Please repeat the data below exactly, with the pictures removed.
——
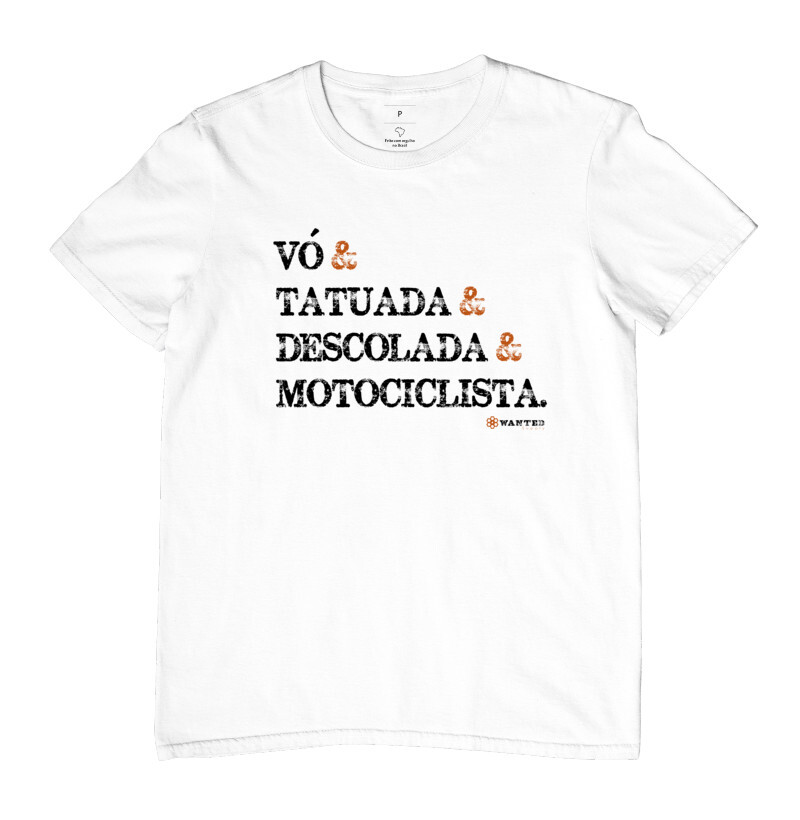 Vó, Tatuada, Descolada, Motociclista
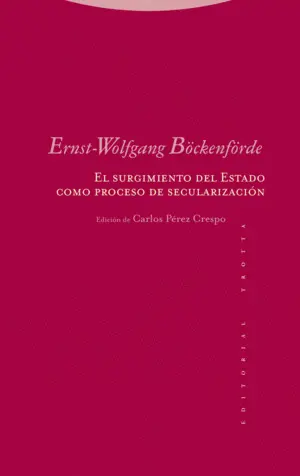 EL SURGIMIENTO DEL ESTADO COMO PROCESO DE SECULARIZACION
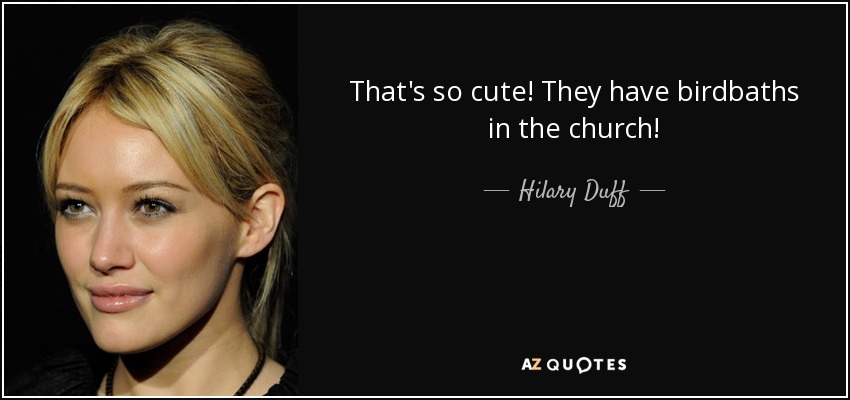 That's so cute! They have birdbaths in the church! - Hilary Duff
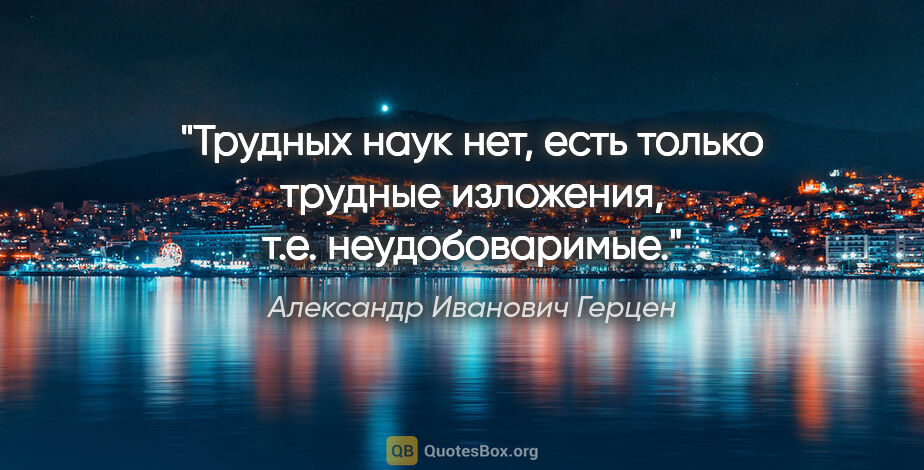 Александр Иванович Герцен цитата: "Трудных наук нет, есть только трудные изложения, т.е...."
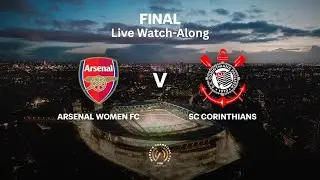 Arsenal Women v Corinthians | FINAL | FIFA Women&rsquo;s Champions Cup 2026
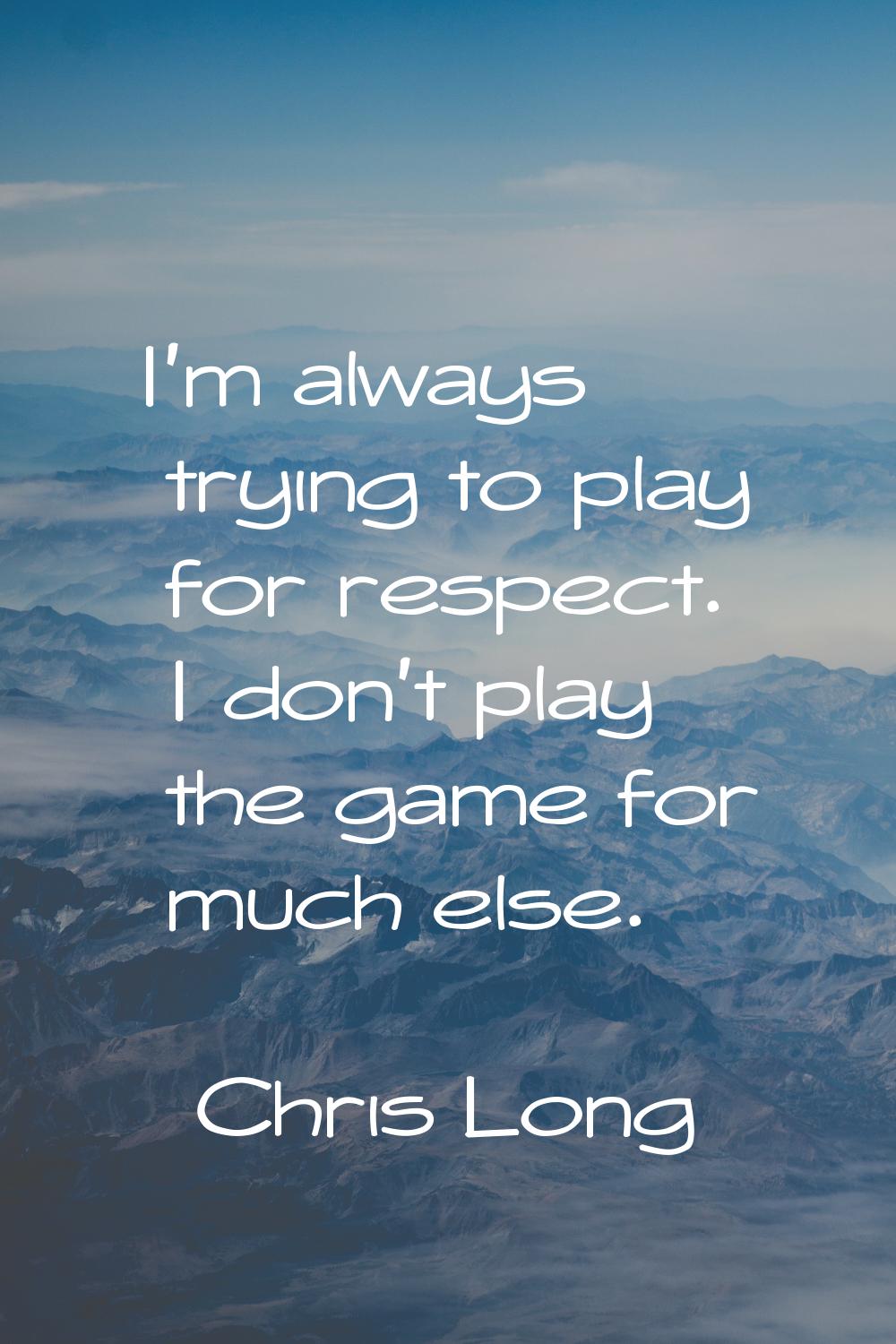 I'm always trying to play for respect. I don't play the game for much else.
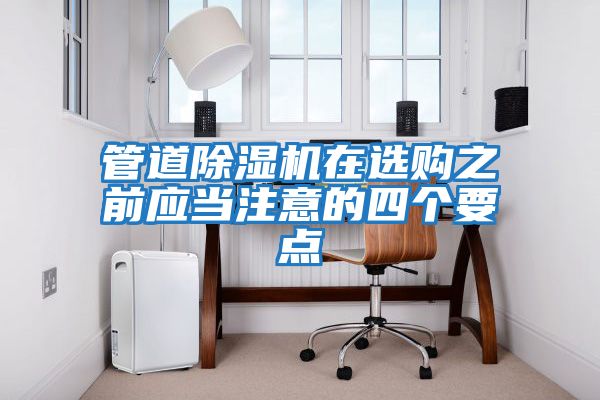 管道除濕機在選購之前應當注意的四個(gè)要點(diǎn)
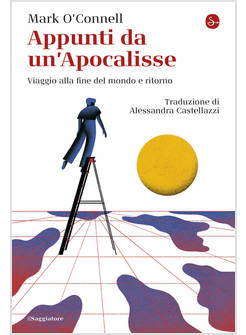 APPUNTI DA UN'APOCALISSE. VIAGGIO ALLA FINE DEL MONDO E RITORNO
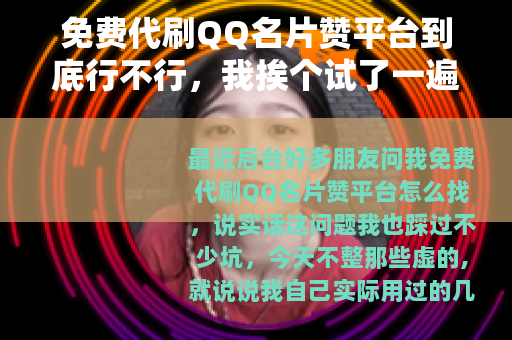 免费代刷QQ名片赞平台到底行不行，我挨个试了一遍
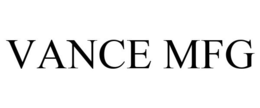 VANCE MFG trademark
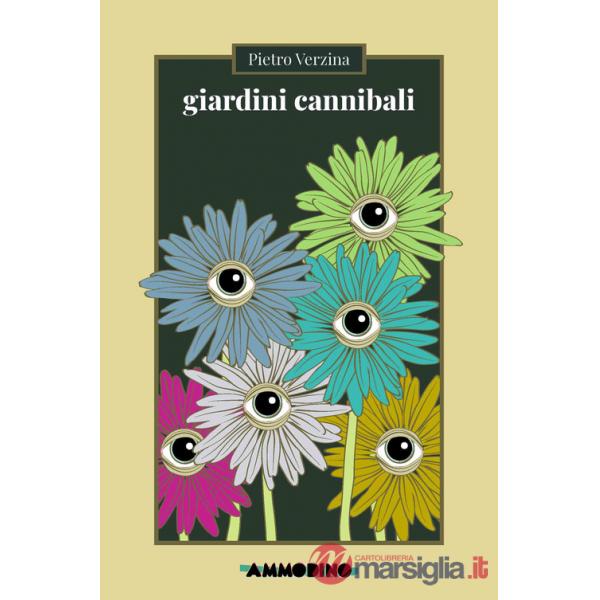 Giardini cannibali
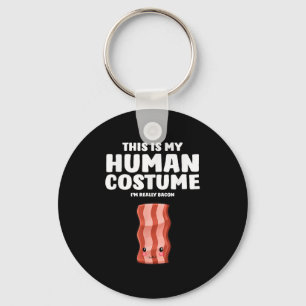 This Is My Human Costume Im Really A Bacon Keychain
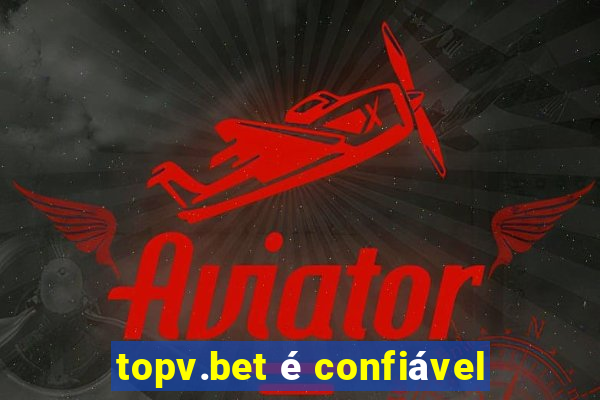 topv.bet é confiável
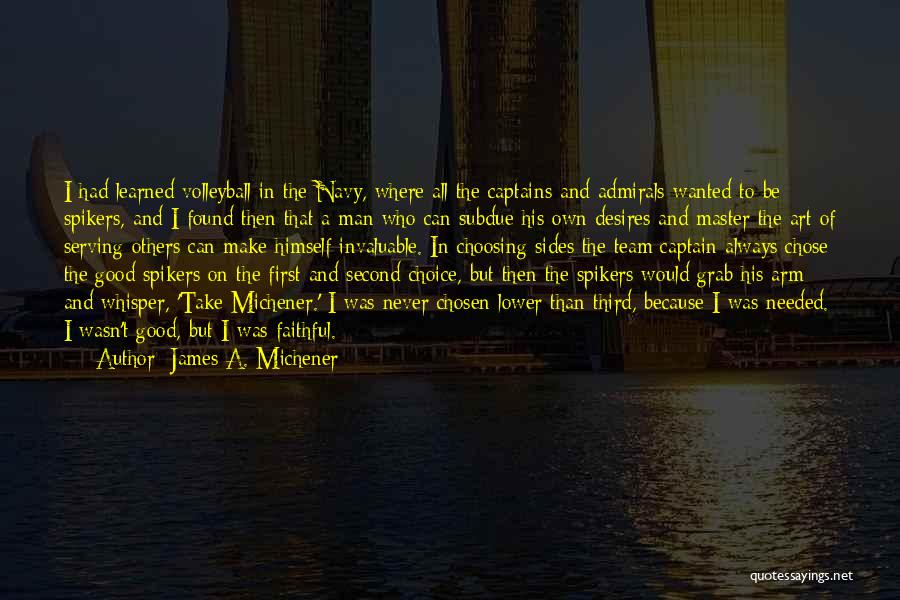 Team Captains Quotes By James A. Michener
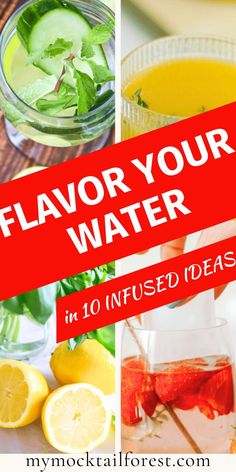 four different pictures with the words flavor your water in red and white, including lemons,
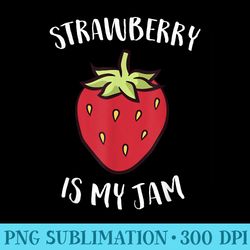 strawberry jam lover strawberry is my jam - png design assets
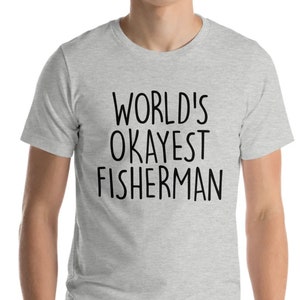 Fisherman Shirt, World&#39;s Okayest Fisherman T-Shirt Männer & Frauen Geschenke - 1565
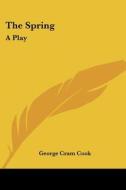 The Spring: A Play di George Cram Cook edito da Kessinger Publishing, Llc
——
TASK OUTPUT:
 Vó, Tatuada, Descolada, Motociclista
 EL SURGIMIENTO DEL ESTADO COMO PROCESO DE SECULARIZACION
 That's so cute! They have birdbaths in the church! - Hilary Duff
 Александр Иванович Герцен цитата: "Трудных наук нет, есть только трудные изложения, т.е...."
 Arsenal Women v Corinthians | FINAL | FIFA Women&rsquo;s Champions Cup 2026
 I'm always trying to play for respect. I don't play the game for much else.
 管道除濕機在選購之前應當注意的四個(gè)要點(diǎn)
 APPUNTI DA UN'APOCALISSE. VIAGGIO ALLA FINE DEL MONDO E RITORNO
 免费代刷QQ名片赞平台到底行不行，我挨个试了一遍
 VANCE MFG trademark
 Giardini cannibali
 This Is My Human Costume Im Really A Bacon Keychain
 topv.bet é confiável
 Team Captains Quotes By James A. Michener
 four different pictures with the words flavor your water in red and white, including lemons,
 strawberry jam lover strawberry is my jam - png design assets
 Fisherman Shirt, World&#39;s Okayest Fisherman T-Shirt Männer & Frauen Geschenke - 1565
 The Spring: A Play di George Cram Cook edito da Kessinger Publishing, Llc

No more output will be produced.